工場の熱中症対策事例4選!義務化に対応する設備や管理体制を解説
1.工場の熱中症対策は義務化されている
2025年6月1日に施行された労働安全衛生規則の改正により、これまで努力義務とされていた熱中症対策が、法的義務とされました。
近年、職場における熱中症による休業4日以上の業務上疾病者数は年間1,000人を超えており、死亡事故も後を絶たない状況が続いています。とくに製造業や建設業での発生率が高く、工場内の高温環境が大きなリスク要因となっているのです。
今回の改正では、事業者に対して「報告体制の整備」「実施手順の作成」「関係作業者への周知」の3点を義務付けています。具体的には、熱中症の自覚症状を有する作業者を早期に発見するための報告ルール、身体冷却や救急搬送などの応急処置手順を事前に整備し、全従業員に周知することが求められます。

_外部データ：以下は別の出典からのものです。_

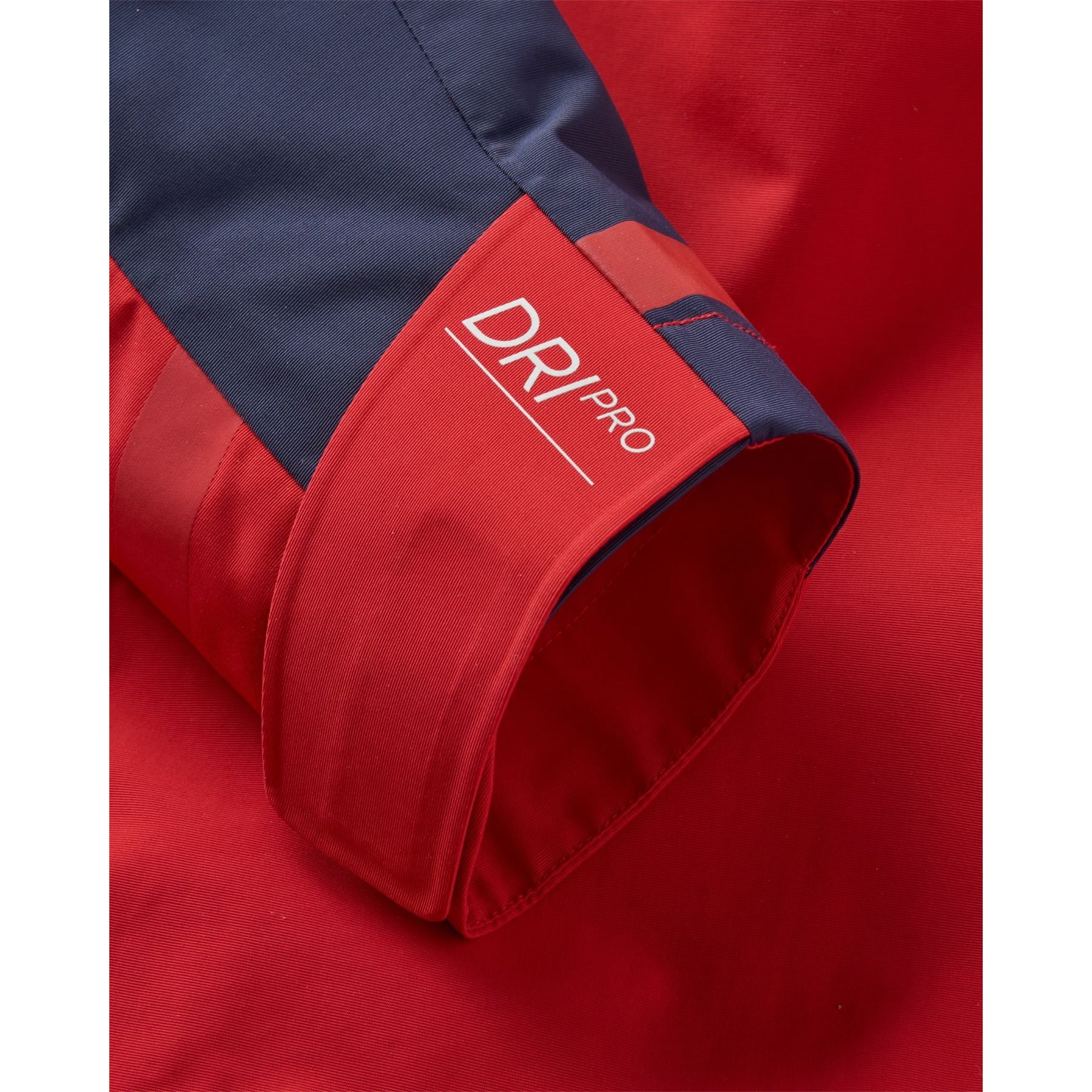 Henri Lloyd Sail Sjöställsjacka Dam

これにより、企業は熱中症のリスク評価をおこない、適切な予防措置を講じる法的責任を負うことになりました。
2.工場で実施されている熱中症対策事例4選
工場の熱中症対策は、規模や予算、現場環境によって最適な方法が異なります。ここからは、実際に工場で実施されている熱中症対策事例を紹介します。
2.1 【事例①】大手自動車部品メーカー:WBGT監視システムで全工場を一元管理
大手自動車部品メーカーの企業では、工場にWBGT監視システムを導入し、熱中症対策の強化に成功しました。
従来は、現場の管理者が手動でWBGT値を測定し、危険な状況になったら休憩を指示する運用をおこなっていましたが、広大な工場内の複数の作業場所を常時監視することは困難でした。また、測定データの記録や分析も手作業でおこなっていたため、管理者の負担が大きく、タイムリーな対策実施が難しいという課題がありました。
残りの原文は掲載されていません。